Polisler sadece bugün sokaklarda değil, Gezi ayaklanması, 17/25 Aralık olayı, 15 Temmuz darbe girişimi gibi en kritik süreçlerde ülkenin kaderini belirlemişlerdir desek yanılmış olmayız.
Gezi olaylarında polise “katil polis, Tayyip’ in itleri” yazılı Pankartlar asıldı. İnsanlar polisi kovaladı, taş attı. 17/25 Aralık’ ta Erdoğan ve oğlunu almaya gelenler, polisin cesur direnişiyle karşılaştı ve başarısız oldu. 15 Temmuz’ da ise polis yolunu şaşırmadı. Darbeci müsveddelerine can verdiler lakin silahını, namusunu vermediler. Hep velinimetimiz oldular.
Bu meseleleri niye gündeme taşıyorum? Şundan dolayı; Polis teşkilatının durumu içler acısı resmen üvey evlat muamelesi görüyorlar. Hırsızı, mafyası, katili, sapığı bütün hayırsızıyla polis ilgilensin, derdi olan polise koşsun. polis olmanın karşılığında canlarını versinler ancak dosdoğru bir özlük hakları bile olmasın.
Yıllardır tartışılan 3600 ek gösterge meselesinin bir türlü çözülmemesi de Emniyet Teşkilatının bir sıkıntısıdır. Emekli olunca aldıkları toplu para bir askere göre oldukça azdır. Askerin askeri mahkemesi vardır. Polis’in ise durumu “Allah vere de mahkeme işimiz olmasın” dır. İkisi de canını ortaya koyuyorken nedir bu durumun sebebi?

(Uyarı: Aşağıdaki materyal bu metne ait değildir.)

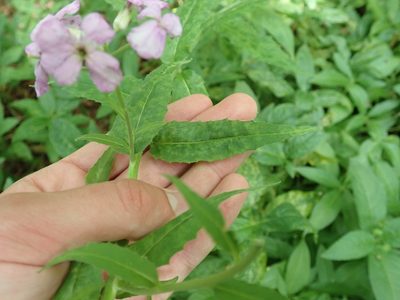 Hesperis matronalis, photographed by John Kenrick Gibson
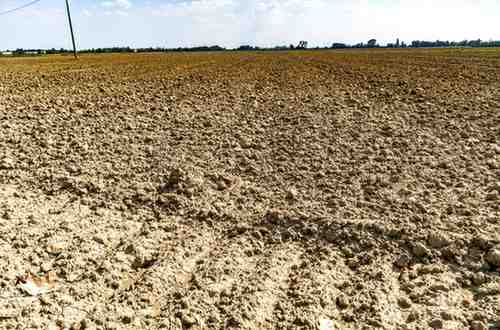 Extreme precipitation deficits and record temperatures have left farmland parched across Austria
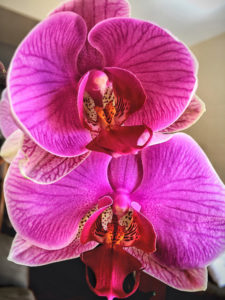 meaning-of-flowers-valentines-day-orchids-austin-tx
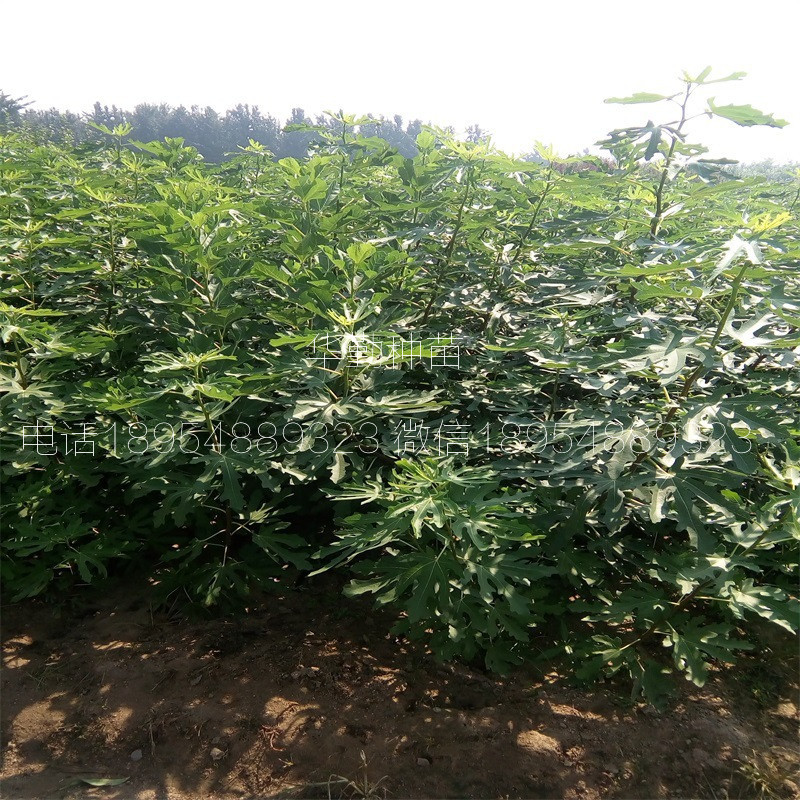 當(dāng)年掛果的瑪斯義陶芬  耐寒品種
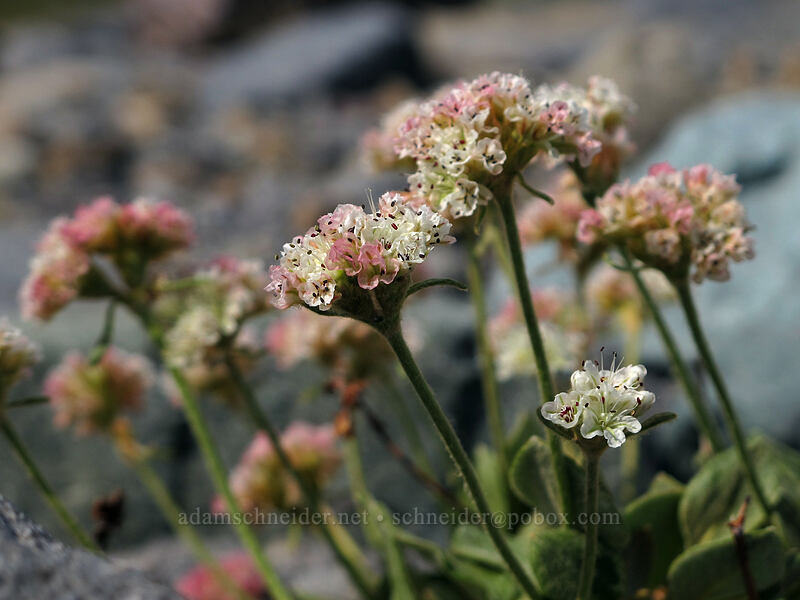 alpine buckwheat (Eriogonum pyrolifolium) [Wonderland Trail, Mt. Rainier National Park, Pierce County, Washington]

Polis, karakolda akşama kadar ifade alır, tutanak tutar. Birçok sıkıntıyı çözmeye çalışır. Vatandaşın biri gelir tutanaktaki bir cümleyi beğenmez şikayetçi olur. Başka vatandaş gelir “bana kaba davrandı, benimle ilgilenmedi” der. O da şikayetçi olur.
Polisin hakkını savunacak sendikası dahi yoktur.
Polise maç görevi yazarlar, maçtaki görevli sağlık personeli ek mesai ücreti alırken polisin öyle bir hakkı da yoktur. Akşama kadar ayakta yüzlerce kişiye arama yapar, gece yarısı evine döner. Polislere yazılan ek görevlerin neredeyse hiçbirinde ek mesai ücreti verilmez ve çalışma saatleri iş kanunun belirlediği maksimum iş saatinin çok üstündedir.
Bunlar yetmezmiş gibi bir de küstah bir tayfa olan “siz benim kim olduğumu biliyor musunuz” diyen hadsizlerle uğraşır polislerimiz.
Konya’ da trafik polislerinin yaptığı yol kontrolünde bir yarbayın “maaşın kaç para, ederin ne kadar” sözlerini unutmayalım. Ya da önceki dönem İl Milli Eğitim Müdürü, benim de eski genel müdürüm olan Ömer Faruk Yelkenci’nin trafikte izinsiz çakar taktığı için trafik polisi tarafından çevrilmesi sonucu polisin açığa alınması olayı da bir hayli üzücü bir olaydır.
Her gün intihar eden polis sayısı artıyorken, polislerin hakkı olan polislere ne zaman verilecek? Ya da Polisin hakkını kim savunacak? Polislerin üvey evlat muamelesi görmesinin sebebi nedir? Bir takım koltuk sevdalısı amirler mi yoksa polislerin kendi aralarında dayanışma içinde olmaması mı bilemem.
Ancak milletçe geçirdiğimiz bu sıkıntılı süreçlerin sonunda polislerimizin özlük haklarında düzenlemeler yapılsa sizce de pek güzel olmaz mı?
Bu milletin polisi hiçbir zaman pencerelerden alkış beklemedi, ancak yüzüne tükürülmeyi de hak etmedi.